Zwei weitere dicke Patzer von Ferrari und Sebastian Vettel sowie eine abermalige dominante Vorstellung von Mercedes öffneten den Weg für Lewis Hamilton. Mit seinem neunten Saisonsieg holte sich der Silberpfeil-Pilot beim Grand Prix in Japan zugleich den ersten Matchball, als er seinen Teamkollegen Valtteri Bottas sowie Red-Bull-Mann Max Verstappen auf die verbleibenden Podiumsplätze verwies. Sebastian Vettel wurde nach einem Unfall nur Sechster.

Jubel bei Mercedes, Frust bei Ferrari. Bereits am Samstag in der Qualifikation kam die Scuderia den Sternenkriegern mit einem gewaltigen Fauxpas entgegen, als man die Streckenbedingungen falsch einschätzte und die eigenen Schützlinge mit den falschen Reifen auf die Zeitenjagd schickte. 

Als zum Ende dann auch noch ein weiterer Regenguss einsetzte, fand sich Sebastian Vettel lediglich auf dem neunten Startplatz wieder, während Lewis Hamilton die nunmehr 80. Pole-Position seiner Karriere einfuhr. Dies öffnete letztlich den Weg zu einem entspannten Start- und Zielsieg Hamiltons. 

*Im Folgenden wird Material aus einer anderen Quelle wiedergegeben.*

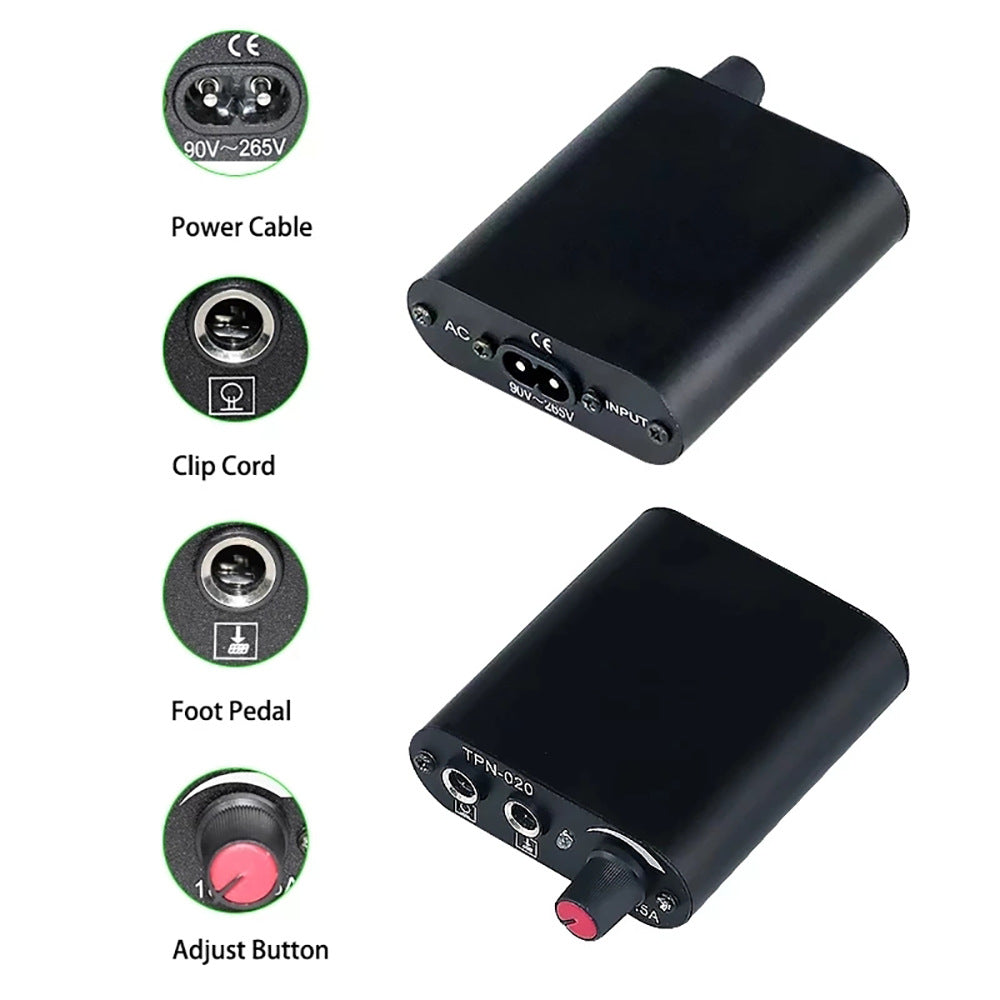 Exclusive For Cross-border Mini Tattoo Power Tattoo Pen Set Pen Motor Tattoo Machine Set Printer Set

Dahinter entwickelte sich allerdings ein durchaus unterhaltsames Rennen. Bereits zum Start ließ Sebastian Vettel keine Zweifel aufkommen, dass er trotz seines riesigen Punkterückstandes noch ein Wörtchen im Titelkampf mitreden wollte, indem er sich bereits in der Eröffnungsrunde auf den vierten Platz nach vorne arbeitete. Dabei profitierte er auch von einem Techtelmechtel zwischen Max Verstappen sowie Ferrari-Teamkollege Kimi Raikkönen, als sich der Niederländer in der Schikane verbremste, beim Wiedereinfädeln auf der Strecke leicht mit dem Finnen kollidierte und diesen von der Strecke drängte. 

Vettel bedankte sich und zog so an seinem Stallgefährten vorbei. Für die Aktion verhängte die Rennleitung Verstappen eine Fünf-Sekunden-Strafe, der allerdings trotzdem den Bronzerang behielt und am Ende gar noch Druck auf Valtteri Bottas ausüben konnte. Dahinter riss Kevin Magnussen (Haas-F1) in einem gefährlichen Manöver die Tür vor Charles Leclerc (Sauber) zu, der in das Heck des Dänen knallte und ihm dabei den Reifen aufschlitzte. Wegen des über den ganzen Kurs verteilten Karbonschrotts wurde das Rennen zunächst mit dem Safety Car neutralisiert. 

Direkt nach dem Neustart in der achten Runde griff Sebastian Vettel umgehend nach Max Verstappen, krachte bei einem über-ambitionierten Manöver in der Löffelkurve jedoch seitlich in den Red-Bull-Boliden und drehte sich hinaus. Dadurch fiel der gebürtige Heppenheimer zunächst bis auf die letzte Position zurück, konnte trotz der beim Unfall zugezogenen Beschädigungen jedoch eine weitere Aufholjagd starten, die letztlich auf der sechsten Position endete. 

Ähnlich erging es auch Daniel Ricciardo (Red Bull), der nach einem technischen Problem in der Qualifikation lediglich von Startplatz 15 ins Rennen ging, sich aber auf die vierte Position vorarbeitete. Dabei profitierte der Australier von einer weiteren Strategiepanne seitens Ferrari, die Kimi Räikkönen als ersten der Top-Piloten zu früh zum Reifenwechsel beorderten. Daraufhin flog der Finne zunächst ins Mittelfeld zurück, wo er im Verkehr zu viel Zeit auf die beiden roten Bullen verlor und somit lediglich Fünfter wurde. Nico Hülkenberg (Renault) schied wegen eines technischen Defekts nach 40 Runden hingegen vorzeitig aus.

Nach einem weiteren desaströsen Wochenende für Ferrari ist die Weltmeisterschaft nun endgültig nahezu entschieden. Bereits beim kommenden Grand Prix in den USA in zwei Wochen kann Lewis Hamilton (331 Punkte) vorzeitig seinen fünften Titel gewinnen. Hierfür benötigt er lediglich acht Zähler mehr Konkurrent Sebastian Vettel (264 Punkte).